La Voz de Galicia

Lunática azul recupera una columna que escribí en el 2005 para ilustrar, supongo, el sentimiento de incapacidad, verdadero estupor, que nos producen las tragedias ajenas. Como la de Barajas. 

Gracias, pensé. Debería habérseme ocurrido a mí:

 

EL DOLOR ajeno produce mudez. Al menos en mi caso. Raramente sé qué decir, porque ante ese misterio, uno de los más grandes de la condición humana, cualquier palabra me parece vulgar, vacía, insípida, impertinente. Ocurre otro tanto con los gestos: apretar la mano, dar un beso o un abrazo, hacer una caricia, mirar queriendo, sin fingir ni sobar. Con los niños es fácil y, además, funciona: les tranquiliza y les acalla. Con los mayores resulta a veces arriesgado, porque carecemos ya de aquella inocencia original que nos permitía abrazar y recibir abrazos con mero afecto, sintiéndonos amparados. Eran abrazos protectores, sencillos, sin doble o triple intención.
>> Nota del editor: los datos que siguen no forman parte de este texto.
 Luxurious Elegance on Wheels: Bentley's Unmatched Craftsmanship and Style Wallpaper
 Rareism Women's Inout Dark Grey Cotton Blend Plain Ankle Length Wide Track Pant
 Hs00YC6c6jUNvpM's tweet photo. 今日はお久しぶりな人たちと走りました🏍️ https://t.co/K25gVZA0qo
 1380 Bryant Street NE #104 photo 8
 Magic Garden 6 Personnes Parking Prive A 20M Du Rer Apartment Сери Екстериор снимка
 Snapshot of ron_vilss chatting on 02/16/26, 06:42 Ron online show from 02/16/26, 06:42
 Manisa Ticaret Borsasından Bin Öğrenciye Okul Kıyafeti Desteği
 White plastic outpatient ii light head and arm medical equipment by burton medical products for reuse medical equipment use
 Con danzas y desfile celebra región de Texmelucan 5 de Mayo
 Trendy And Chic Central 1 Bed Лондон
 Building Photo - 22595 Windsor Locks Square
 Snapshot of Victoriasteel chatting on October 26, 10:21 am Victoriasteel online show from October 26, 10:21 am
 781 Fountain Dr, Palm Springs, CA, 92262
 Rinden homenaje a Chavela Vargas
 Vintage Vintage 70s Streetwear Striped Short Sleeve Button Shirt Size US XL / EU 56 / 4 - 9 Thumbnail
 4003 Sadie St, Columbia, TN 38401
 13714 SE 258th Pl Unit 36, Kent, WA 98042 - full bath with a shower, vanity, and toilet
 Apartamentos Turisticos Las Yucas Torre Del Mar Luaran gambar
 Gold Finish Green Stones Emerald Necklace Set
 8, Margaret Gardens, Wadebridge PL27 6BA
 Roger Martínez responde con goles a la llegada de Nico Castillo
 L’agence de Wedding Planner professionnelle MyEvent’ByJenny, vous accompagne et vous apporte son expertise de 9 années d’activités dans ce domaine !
Abrazos como refugios, en los que no cabía interpretación perversa, sino apenas consuelo. Quizá es que nos tocamos demasiado, a todas horas, con cualquiera y en cualquier lugar, y luego nos falta el abrazo bueno, el que cura. No sé. Esta semana he visto mucho dolor cerca y no he sabido qué hacer: muertes, enfermedades graves, tristezas largas y anchas, penas de varios colores e intensidades y he dicho palabras tontas o las he escrito, me he puesto cerca o lejos, según convenía, he estado quieto e inquieto. Como si no supiera rezar.